Peluang budidaya tuna dinilai masih sangat terbuka dengan ketersediaan baby tuna di perairan Indonesia. “Untuk itu budidaya tuna di Indonesia mempunyai prospek yang sangat bagus mengingat produksi ikan tangkapan sudah tidak dapat ditingkatkan lagi,” kata Poernomo.  Namun demikian, dijelaskan Kepala Pusat Litbang Perikanan Budidaya, Tri Heru Prihadi,untuk mendukung impian ini, pengembangan teknik penangkapan dan transportasi baby tuna dari daerah penangkapan ke lokasi budidaya perlu dikembangkan.“Kita terus mengupayakan aplikasi teknologi yang cocok terkait hal ini,” kata Tri.  

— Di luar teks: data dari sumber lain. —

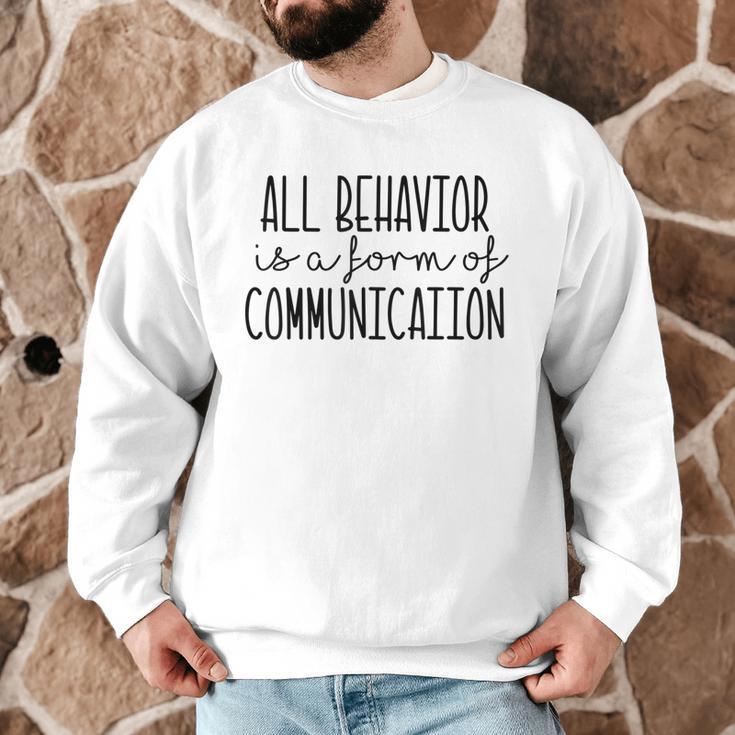 All Behavior Is A Form Of Communication SPED Teacher Autism Men Women Men Graphic Sweatshirt, novelty gifts, funny gifts All Behavior Is A Form Of Communication SPED Teacher Autism Men Women Men Graphic Sweatshirt, novelty gifts, funny gifts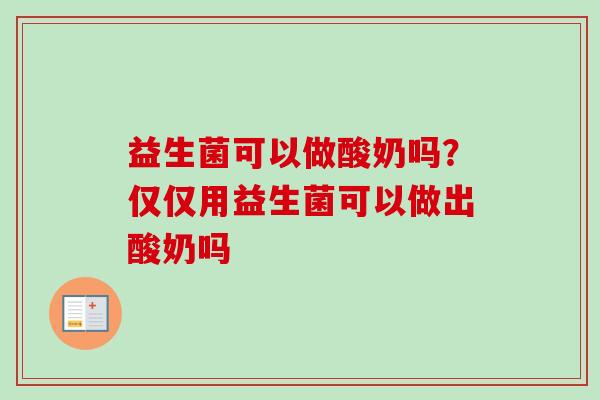益生菌可以做酸奶吗？仅仅用益生菌可以做出酸奶吗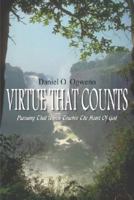 Virtue That Counts: Pursuing That Which Touches The Heart Of God 1414041403 Book Cover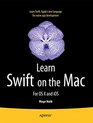 Learn Swift on the Mac For OS X and iOS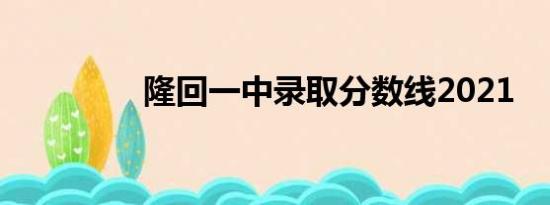 隆回一中录取分数线2021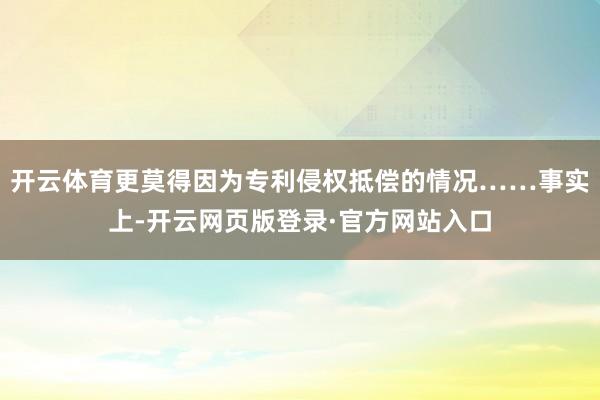 开云体育更莫得因为专利侵权抵偿的情况……事实上-开云网页版登录·官方网站入口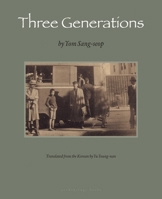 Three Generations 0974968005 Book Cover
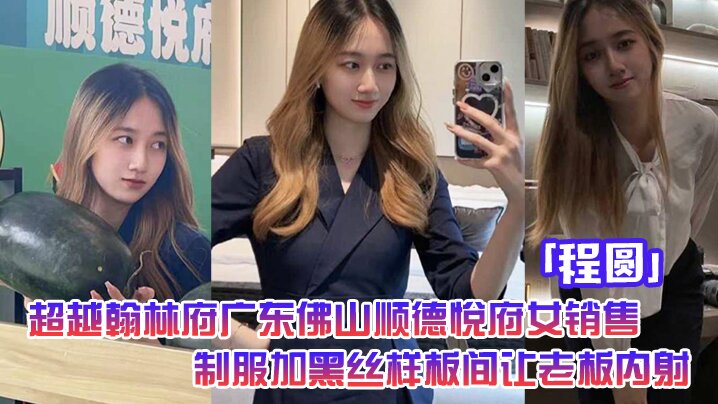 超越翰林府广东佛山顺德悦府女销售「程圆」制服加黑丝，就在样板间让老板内射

Oleh karena itu BBPPBL Gondol terus melakukan peningkatkan sarana dan prasarana yang dimiliki. BBPPBL Gondol diantaranya sudah memiliki sarana pemeliharaan larva dan pendederan, media pemeliharaan induk, hatchery (pembenihan), tempat pemeliharaan plankton, keramba, rootblower sebagai sumber aerasi, pompa air sumber air laut, laboratorium pengolahan pakan, laboratorium kimia, laboratorium biologi, laboratorium patologi dan biotek­nologi, serta cold storage. Sarana prasana BBPPBL Gondol terbilang sangat lengkap dan siap menghadapi tantangan globalisasi dan tren masyarakat dunia yang mulai beralih dari sumber protein daratan ke sumber protein laut, memberikan dampak positif terhadap peningkatan usaha budidaya laut. Karena budidaya laut atau mariculture saat ini menjadi usaha yang mempunyai prospek cerah.